In my early 20s I was struck with an epiphany. My lies may be affecting others in negative ways. I was causing stress on others for no reason. If I lied about problems then people in my life who truly cared about me as a person were suffering on my behalf over nothing. There was no problem. There was no turmoil in any real sense, but it was very much real to those on the receiving end of those lies. And although I may have been pleased by the attention received from my actions, I had never given full weight to the fact that others were hurting on my behalf. I also realized that the compounded nature of my lies was hollowing out my soul. There's a very good reason why one of the Ten Commandments is "Thou shalt not lie". Lies are a poison that corrodes the very structure of our souls and build into a dark resin which permeates all other actions and interactions with others. It had been easy to go through life on a day-to-day basic saying "Well this person deserves these lies because..." or "No one even knows these are lies so...", but I knew they were. God knew they were. And so even those "white lies" that meant nothing at the time, opened the doorway to larger lies and stitched together a complex web of deception that finally broke through the wall of denial I had constructed around my heart and crashed down on top of me.

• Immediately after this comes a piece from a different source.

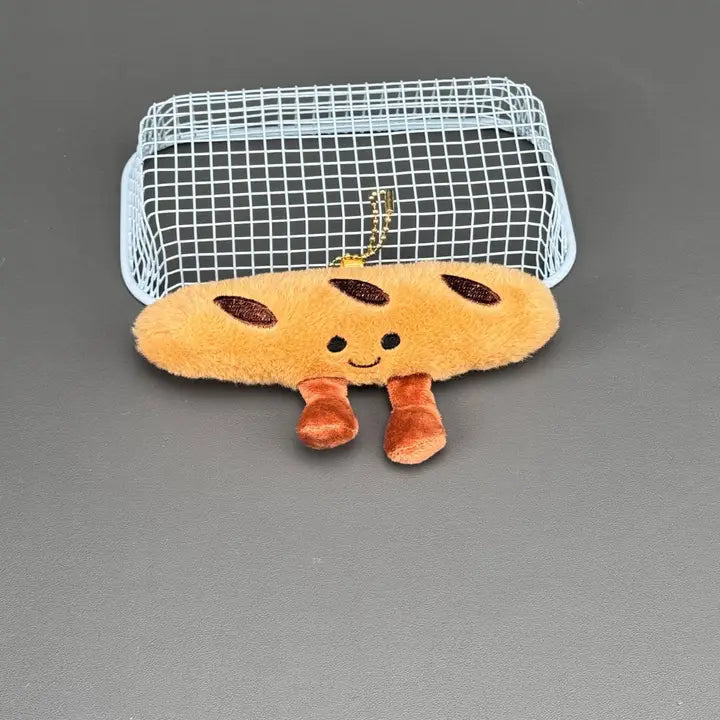 Baguette plush charm with smiling face and corduroy legs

I often thought lies were easier on the people I interfaced with. If I didn't want to attend a party, I just didn't want to hurt the person by saying I didn't want to go, so I'd say "Oh my grandmother is sick". The problem there is that the person - who really was a true friend - would spend time worrying about me and my grandmother and would enjoy the party less. On top of that, it would become a topic at the party and a lot of people would be really bummed out for my sake and call and check on me and worry and it would grow and expand. What's worse, it would then reflect back on me and I'd end up having to manage this complex lie structure and it would literally wear me out trying to keep all the frayed ends of my lie intact. Also, without fail, my grandmother would really become sick and I just KNEW in my heart (whether actual or not) that I was somehow responsible.
And now comes the problem. We live in a society today where people have the "what does it matter?" ideal. "My life is crap so screw them." "They'd do it to me." Or they're truly in such a bad place that lies are all they have left.